В сознании Шейдемана пронеслось: «Вся власть рабочим и солдатским Советам? Германия как провинция Советской России?» Возможно, Ленин никогда не был ближе к реализации своих мечтаний о мировой революции во главе с германским пролетариатом, чем в этот день. На его пути встали те социал-демократы, которые не мыслили себе социализма вне национальных рамок.
Следовало действовать. Шейдеман взобрался на подоконник и закричал: «Старый прогнивший режим пал! Монархия разбита! Да здравствует новый мир! Да здравствует Германская Республика!»[364] Окружающие бросили в воздух головные уборы. Шейдеман возвратился к своей тарелке. И немедленно получил нагоняй от герра Эберта, который сидел за столом, полный гнева. Он стучал по столу кулаком и кричал: «Вы не имели права провозглашать республику!»

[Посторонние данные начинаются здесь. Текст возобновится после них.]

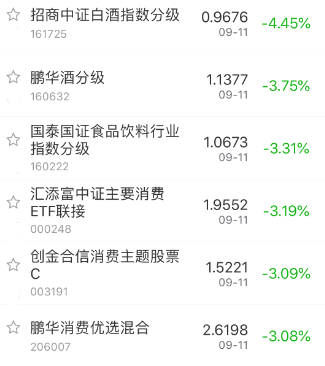 消费。png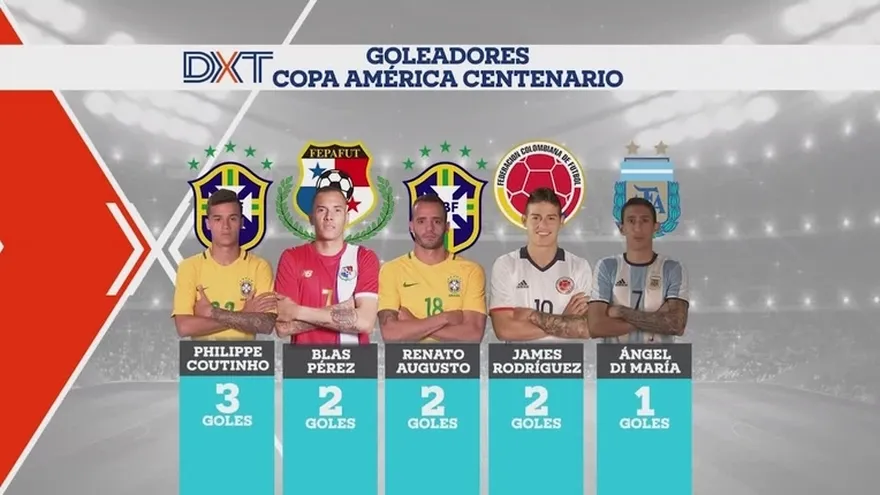 Los goleadores de la Copa América Centenario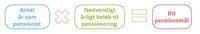 pensioneringsformel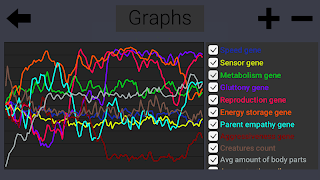 Cell Evolution screenshot 3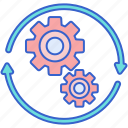 process, cogwheel, setting, configuration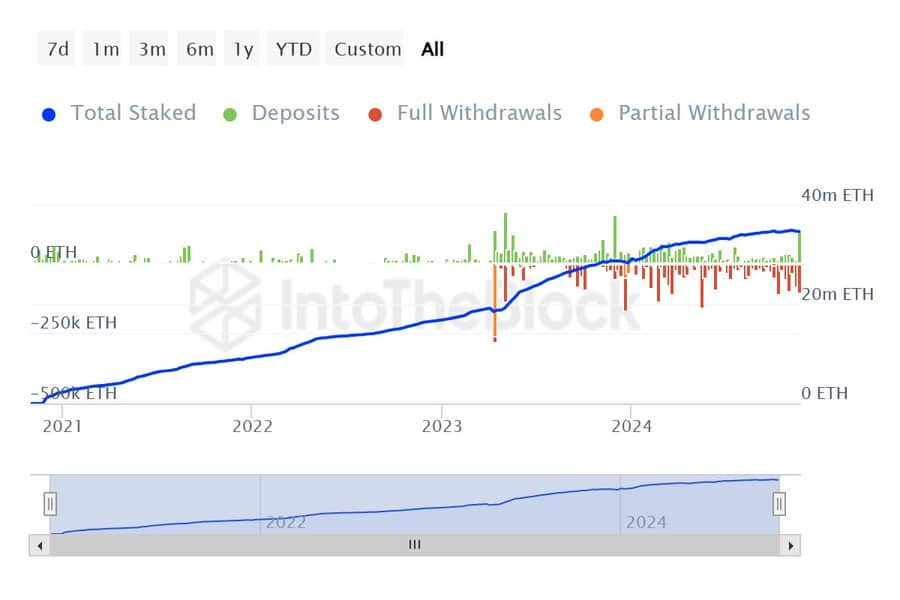 Ethereum Staking Data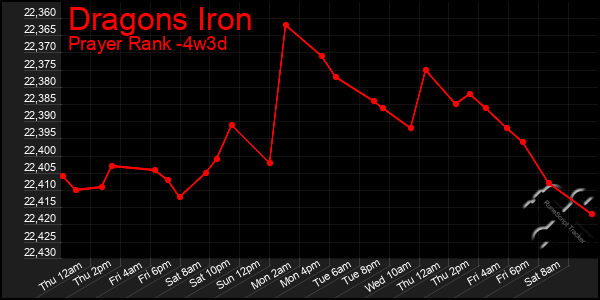 Last 31 Days Graph of Dragons Iron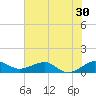Fort Pierce, FL tide chart for Thursday, June 30, 2022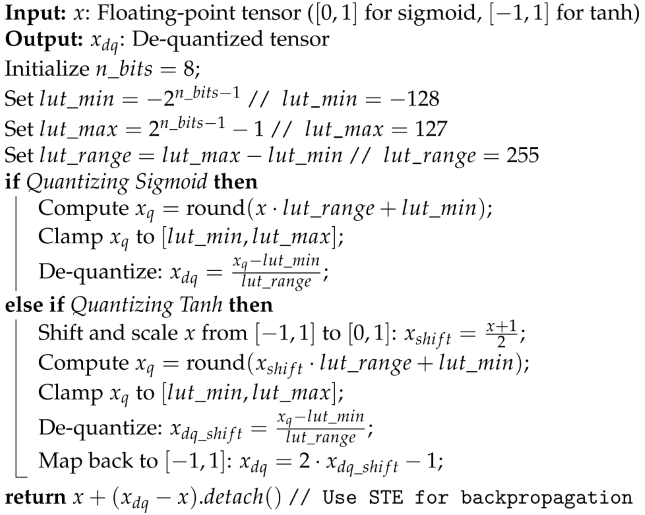 Preprints 151492 i001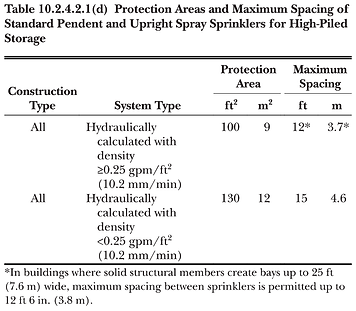 Table 10.2.4.2.1 d - High Piled Storage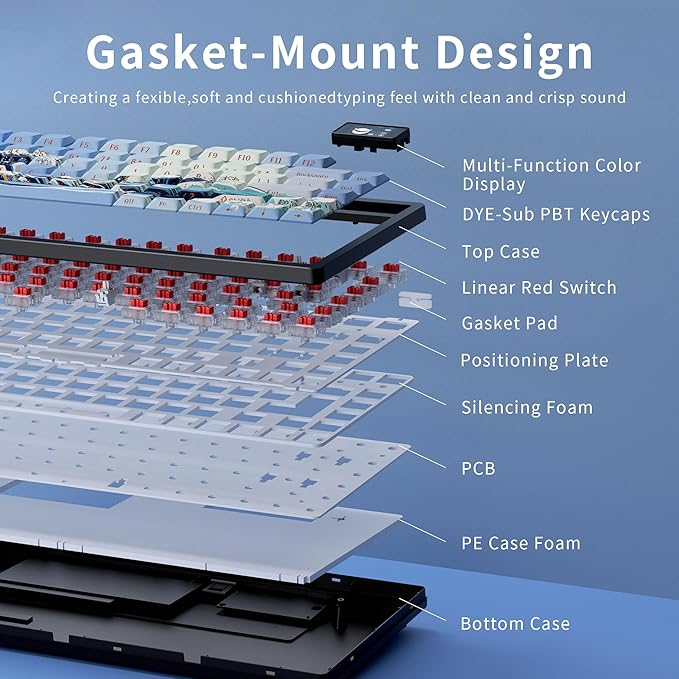 HITIME XVX 75% Keyboard with Color Smart Display, L75 Pro Low Profile Gasket Mechanical Gaming Keyboard, Bluetooth 5.1/2.4G Wireless/Type-C Wired Custom Keyboard with RGB Backlit, Blue Kanagawa Theme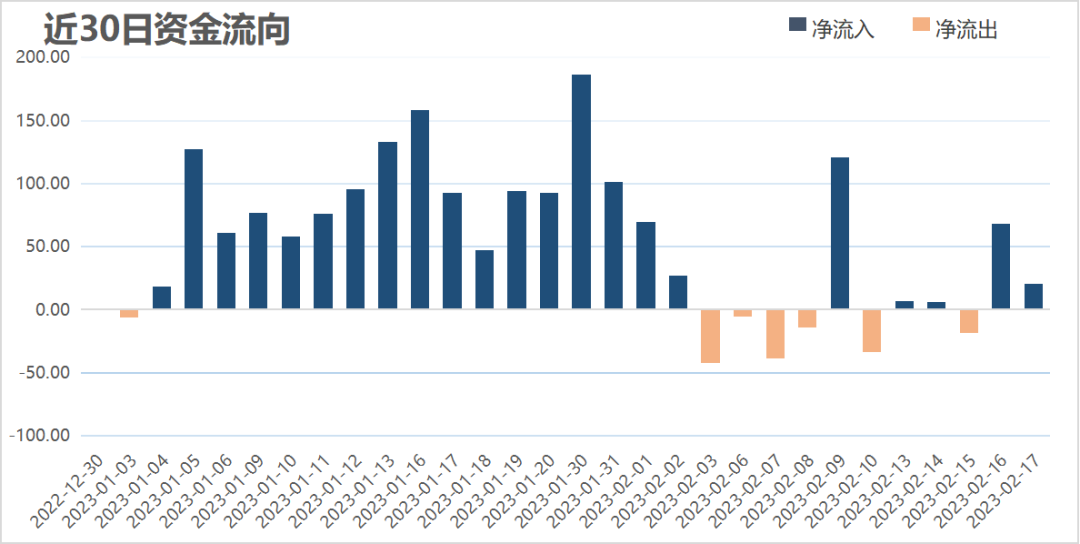 注冊制股票交易規則(注冊制股票交易規則)-添財網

У себя в Спа кайзер стоял пораженный. Граф Шуленбург сказал: «Это переворот! Это силовые действия, на которые вы не давали санкции. В ваших руках корона Пруссии, и необходимо, чтобы вы оставались верховным военным вождем. Я даю гарантию, что войска останутся лояльными Вашему Величеству». Кайзер: «Я был и остаюсь королем Пруссии, и в этом качестве я обязан находиться со своими войсками». У кайзера свело скулы, было слышно, как стучат его зубы. По щекам текли слезы. Он воскликнул: «Измена! Отвратительная, ужасная измена!» Он приказал завезти в его виллу оружие.
Не зная, что делать, кронпринц вышел во двор. По меньшей мере батальон Рора выказывал все знаки лояльности. И кронпринц выехал в свою новую штаб-квартиру в Люксембурге, ведь война продолжалась. А Шуленбург ушел на встречу, созываемую адмиралом фон Гинце в отеле «Британик», где были подняты два вопроса: «Наличествуют ли материальные силы, чтобы аннулировать прокламацию Макса Баденского в Берлине?», «Можно ли гарантировать личную безопасность кайзера Вильгельма Второго?» Жаркие дебаты не дали положительного ответа ни на один из двух вопросов. В самом Спа создавался в данный момент Совет рабочих и солдатских депутатов. Можно было определенно отвечать за персональную виллу императора.